GOAL OF THE EXERCISE: Return the records below from the line containing "this 720×480 image." onward, exactly, through and including the last line.

DATA SUPPLIED:
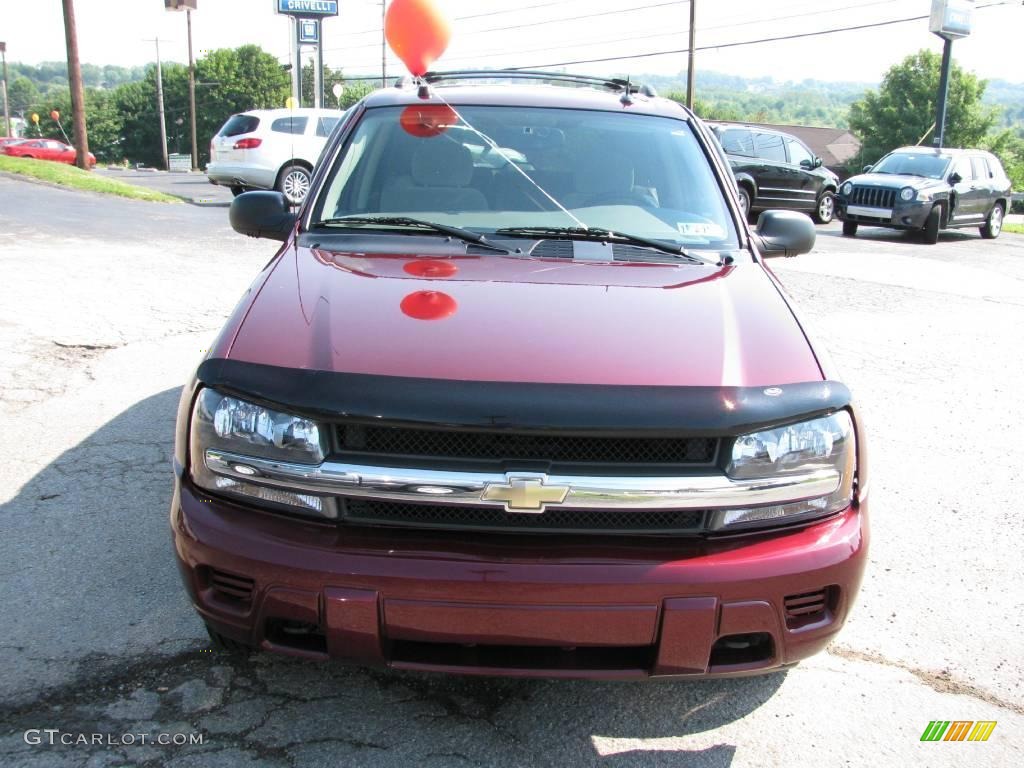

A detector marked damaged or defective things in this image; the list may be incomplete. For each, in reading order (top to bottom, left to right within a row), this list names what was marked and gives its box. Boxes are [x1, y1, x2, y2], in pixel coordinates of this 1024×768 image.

cracked asphalt [2, 176, 1024, 768]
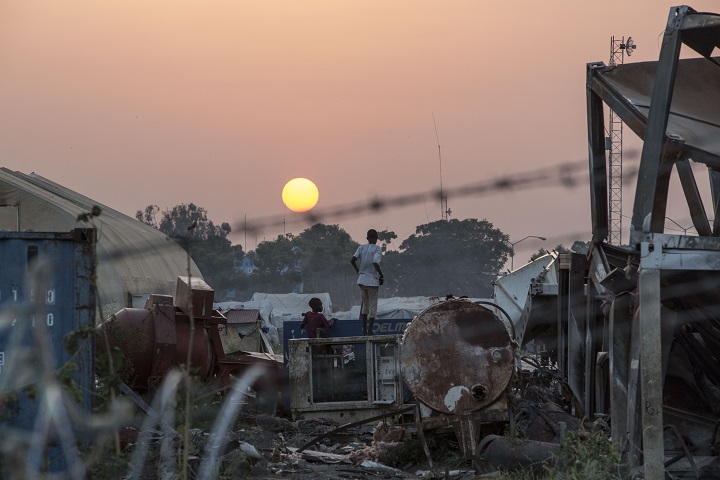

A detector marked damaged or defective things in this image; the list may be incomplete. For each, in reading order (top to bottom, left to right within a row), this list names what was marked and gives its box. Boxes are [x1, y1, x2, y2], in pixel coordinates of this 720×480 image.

rusty cylindrical tank [100, 308, 215, 390]
rusty water tank [400, 298, 512, 414]
crumpled metal panel [400, 302, 512, 414]
rusty cylindrical tank [400, 298, 516, 414]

RESPONSE AREA:
A detector marked damaged or defective things in this image; the list may be incomplete. For each, in reading order (top to bottom, left to right within a row), this list names what was marked and gives its box. Boxes are [x1, y1, x2, y2], in pixel coordinates of this 720×480 image.

rusty cylindrical tank [100, 308, 215, 390]
rusty water tank [400, 298, 512, 414]
crumpled metal panel [400, 302, 512, 414]
rusty cylindrical tank [400, 298, 516, 414]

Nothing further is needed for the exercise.